Open bjtuweb-12283027 opened 6 years ago
Hi, currently, I am trying to make some guidelines to apply P3D in different scenarios. If you want to have a quick look at the usage of P3D, I can share the Matlab code for feature extraction, you can make your input similar to the format in this code.
function features = extract_feature_single_video(net, video_path, blob_names)
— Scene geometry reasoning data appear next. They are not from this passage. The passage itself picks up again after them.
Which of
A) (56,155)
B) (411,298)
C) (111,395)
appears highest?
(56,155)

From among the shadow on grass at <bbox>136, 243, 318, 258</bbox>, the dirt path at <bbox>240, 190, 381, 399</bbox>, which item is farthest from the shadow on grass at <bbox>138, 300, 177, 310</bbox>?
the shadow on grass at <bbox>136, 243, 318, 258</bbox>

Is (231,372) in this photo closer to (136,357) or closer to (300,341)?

% net: Caffe network object
% video_path: Original video file
% blob_names: cell(n, 1) save n blob names to extract
clip_length = 16;
min_edge = 162;
crop_size = 160;
max_sample = 20;
min_sample = 20;
video_obj = VideoReader(video_path);
duration = video_obj.NumberOfFrames;
height = video_obj.Height;
width = video_obj.Width;
ratio = min_edge / min(height, width);
resize_height = ceil(height * ratio);
resize_width = ceil(width * ratio);
sample_num = floor(duration / clip_length);
sample_num = min(sample_num, max_sample);
sample_num = max(sample_num, min_sample);
stride = (duration - clip_length - 2) / sample_num;
features = cell(1, length(blob_names));
for i = 1 : sample_num
start_frame = floor((i - 1) * stride) + 1;
end_frame = start_frame - 1 + clip_length;
clip = zeros(resize_width, resize_height, clip_length, 3, 1);
for j = start_frame : end_frame
img = read(video_obj, j);
img = my_imresize(img, resize_height, resize_width);
img = permute(img, [2, 1, 3]);
img = img(:, :, [3, 2, 1]);
img(:, :, 1) = img(:, :, 1) - 104;
img(:, :, 2) = img(:, :, 2) - 117;
img(:, :, 3) = img(:, :, 3) - 123;
clip(:, :, j - start_frame + 1, :, 1) = reshape(img, [resize_width, resize_height, 1, 3, 1]);
end
s_h = floor((resize_height - crop_size) / 2);
e_h = s_h + crop_size - 1;
s_w = floor((resize_width - crop_size) / 2);
e_w = s_w + crop_size - 1;
clip = clip(s_w : e_w, s_h : e_h, :, :, :);
input_blob_vec = {clip};
net.forward(input_blob_vec);
for k = 1 : length(blob_names)
data = net.blob_vec(net.name2blob_index(blob_names{k})).get_data();
if (i == 1)
features{k} = data(:)';
else
features{k} = features{k} + data(:)';
end
end
end
for k = 1 : length(blob_names)
features{k} = features{k} / sample_num;
end
Sorry for bothering you again. This following error happened after I adding the layers and proto parameters:
CXX src/caffe/layers/bn_layer.cpp
src/caffe/layers/bn_layer.cpp: In instantiation of 'void caffe::BNLayer
Hi, it seems that the bn_param cannot be found in LayerParameter, You should make sure that you have added the BNparameter into you LayerParameter in "caffe.proto". Best.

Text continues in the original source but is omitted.